O tempo passou, é verdade, desde que escrevi o livro O Massacre, agora atualizado em nova edição pela Editora Record.

Algumas mudanças são dolorosas para mim. Importantes personagens do livro em sua edição original já não estão entre nós.

Lamento por Domingos da Conceição, o ‘Garoto’, que tinha 15 anos na tarde daquela quarta-feira, 17 de abril de 1996. 

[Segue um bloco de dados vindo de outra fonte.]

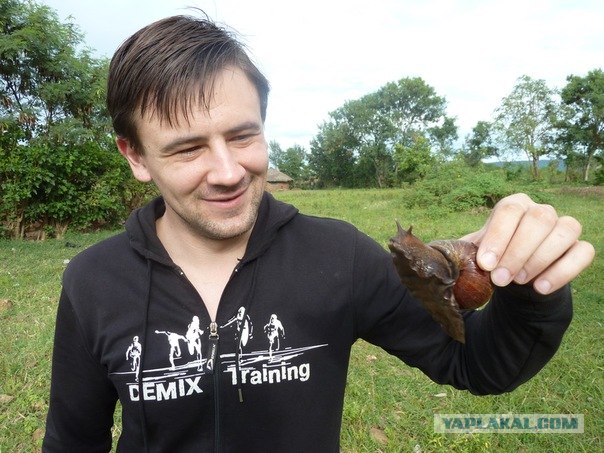 AFRICA - (Эфиопия,Кения,Танзация) 4-16 ноября 2011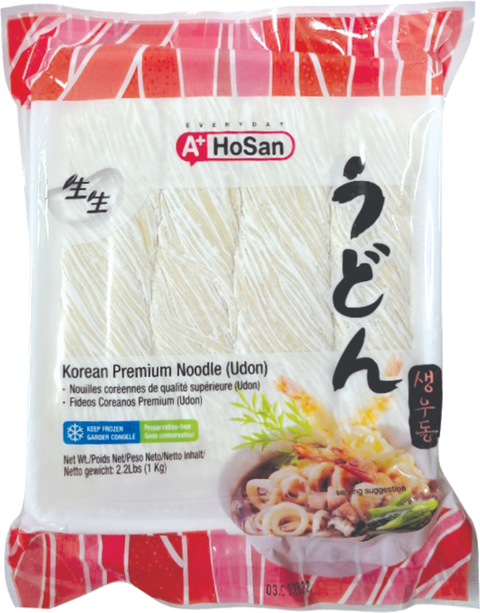 A+ KOREAN PREMIUM NOODLE UDON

Sobreviveu à ação brutal da Polícia Militar do Pará, depois de ter levado mais de dez tiros, a maioria nas pernas. Mas carregou para sempre deformações na bacia e nos ombros, passou por 11 cirurgias, sobreviveu às marcas torturantes da memória e às dores físicas lancinantes que sentiu até o fim de uma vida destroçada.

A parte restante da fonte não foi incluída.